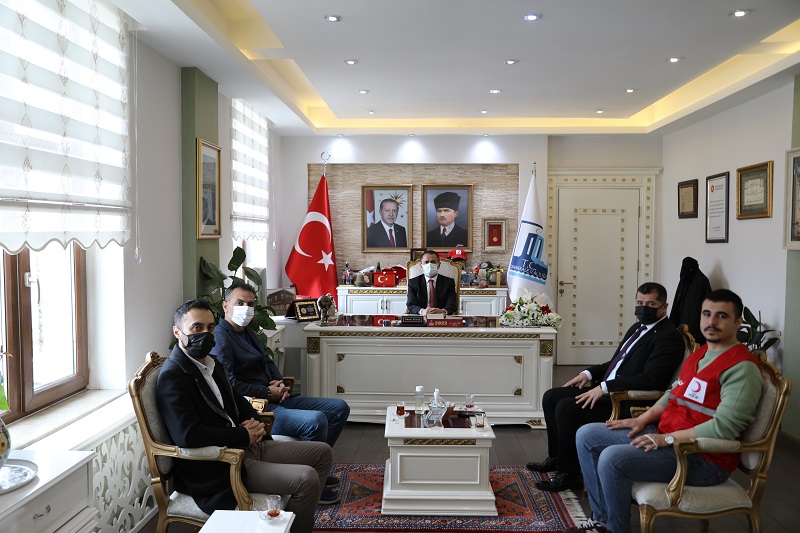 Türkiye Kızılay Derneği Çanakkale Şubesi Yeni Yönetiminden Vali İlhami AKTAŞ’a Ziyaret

__________________________________________________

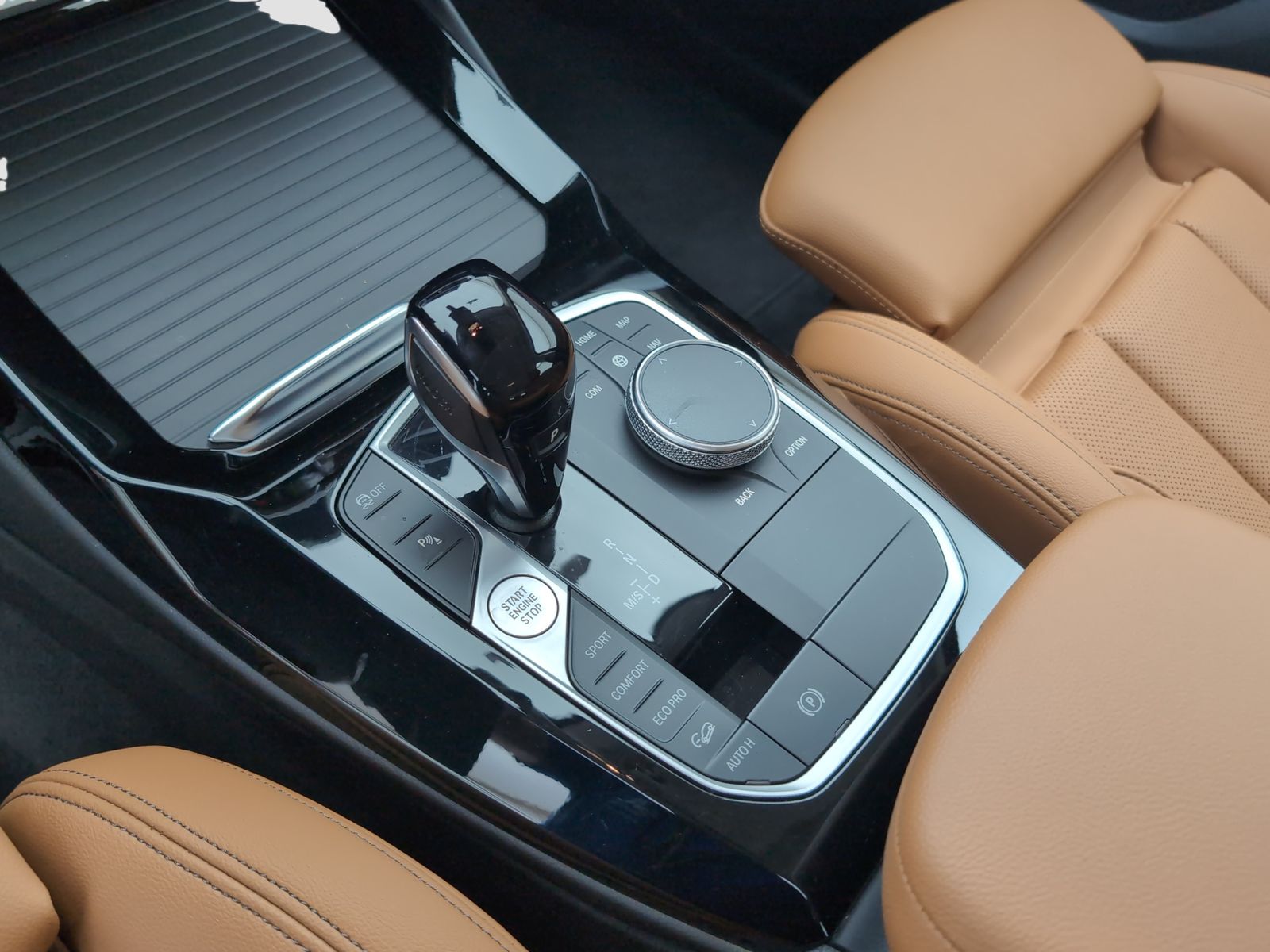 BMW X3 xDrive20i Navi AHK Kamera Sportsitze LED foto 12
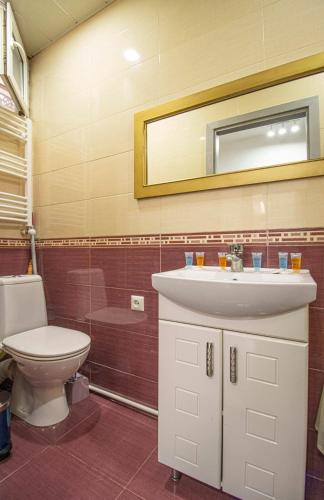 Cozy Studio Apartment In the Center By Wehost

__________________________________________________

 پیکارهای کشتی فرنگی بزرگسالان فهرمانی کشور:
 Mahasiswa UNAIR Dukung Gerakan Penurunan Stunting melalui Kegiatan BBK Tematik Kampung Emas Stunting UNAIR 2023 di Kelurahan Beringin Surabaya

__________________________________________________

Task prompt:
Repeat, exactly as they stand above, the lines from the line with "پیکارهای کشتی فرنگی" to the line with "Mahasiswa UNAIR Dukung", both lines included.

Reply:
 پیکارهای کشتی فرنگی بزرگسالان فهرمانی کشور:
 Mahasiswa UNAIR Dukung Gerakan Penurunan Stunting melalui Kegiatan BBK Tematik Kampung Emas Stunting UNAIR 2023 di Kelurahan Beringin Surabaya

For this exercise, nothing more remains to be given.